Goose and I slowly made progress. As she grew more confident, I got more confident. As she grew stronger, I grew stronger. Together, we were getting better little by little everyday; and over time, I began to think that we actually might win that bet.

That last weekend in January seemed to take forever to arrive. However, Goose and I made it home to Tennessee just in time to make it to our hunt in an oxbow of flooded timber in Tunica, Mississippi. I was too distracted and worried about the dog to shoot a bird, but my brother hit a perfect mallard drake that fell 40 yards from us, and Goose saw it fall. She was confused and unsure of what to do, so I got out of the boat with her and started wading a few feet towards the bird. When I sent her from the water, she suddenly realized what I was asking her to do, swam forward, saw the mallard, and made a beeline for it. In that moment everything stood still. Watching her swim back towards me with a bird in her mouth after all those weeks of uncertainty and doubt—I wouldn’t trade it for the world.

LL and Quail

Lee Lee explains clicker training at a Girls With Gundogs Retreat while Quail, her English Field Bred Cocker Spaniel, looks on.
(Photo: Pepper Taylor)

Now, two years later, I am no longer living in New York City.

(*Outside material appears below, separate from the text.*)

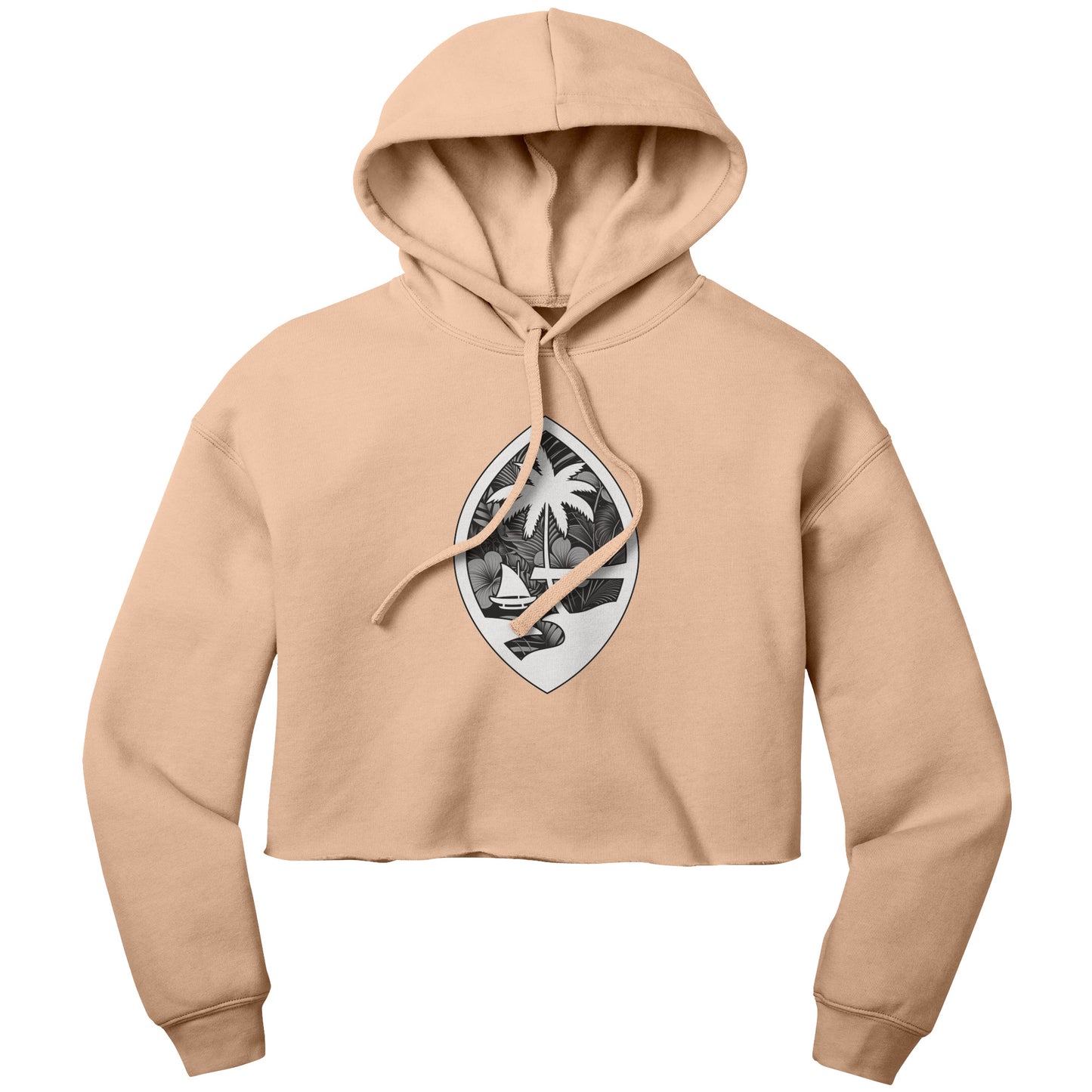 Guam Seal Monochrome Floral Women's Crop Fleece Pullover Hoodie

I am living in Tennessee in a small log cabin on my father’s farm. In between that move, I spent time out west and I spent a lot of time driving, writing, and thinking. One day I was driving through South Dakota, looking at the wide-open skies and suddenly had an idea. What if I could take what I had gone through with Goose and offer it to other women? Was there some way to do that? Training a hunting dog can get you through a lot of life’s difficult transitions. How could I offer this to others?

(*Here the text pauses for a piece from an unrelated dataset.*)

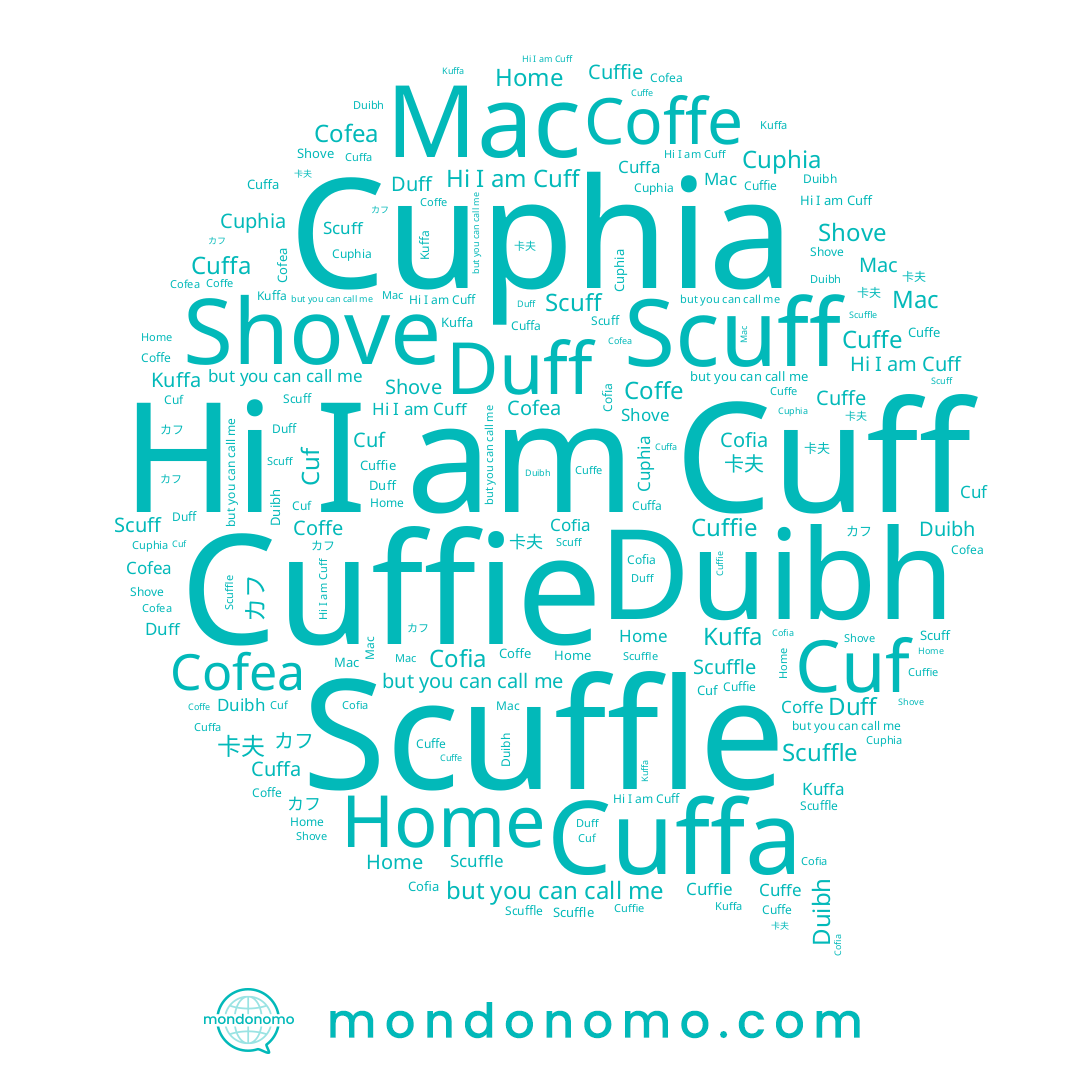 name Cuffie, name Shove, name Cuphia, name Cuffe, name Cofia, name Cuffa, name Cuff, name 卡夫, name カフ, name Home, name Scuffle, name Coffe, name Kuffa, name Duff, name Mac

What I came up with is Girls With Gundogs. Our mission is to empower women through relationships with their dogs and through experiences in the outdoors. I have started with hosting two-day weekend dog training retreats where I teach women how to train their own gundogs. My goal is to show women that they can train hunting dogs too; that it’s not as complicated as you think it is.

Ladies watch

Participants of a Girls With Gundogs Retreat watch Lee Lee give a placeboard training demonstration.
(Photo: Pepper Taylor)

I’ve had three retreats so far and I’ve had at least one woman go home and get her first gundog puppy already. One client just passed her first hunt test. Another has had her lab out dove hunting and quail hunting in Texas. In addition, another client is going on her first bird hunt with her father and his Brittany. They are all doing this on their own; I’m just believing in them and encouraging them. I provide these ladies with resources and give them the freedom to figure out what kind of dog they want, what kind of hunting they want to do (if at all), and where they want to do it. I just tell them that they can.

I’m still figuring out how Girls With Gundogs will take shape and what it will look like in the long term. I frequently remind myself that, in time, Girls With Gundogs will morph into what it is meant to be. I want to do everything all at once, but I have been reminded by many that focusing on one thing and doing it right is the way forward.

This year in addition to the gundog training retreats in Tennessee at Duckhill Kennels, I have two pointing dog training retreats planned in Aiken, South Carolina with one of my mentors, Mark Fulmer of Sarahsetter Kennels. I have talked to Elizabeth Lanier Fennell of Fennell Shooting School about teaming up for dog and wing shooting weekends, which we will start this fall. I’ve also had people ask me to travel to Texas, Colorado, Minnesota, Pennsylvania and even Alaska. I wish I had a few clones of me to go around to all of these places.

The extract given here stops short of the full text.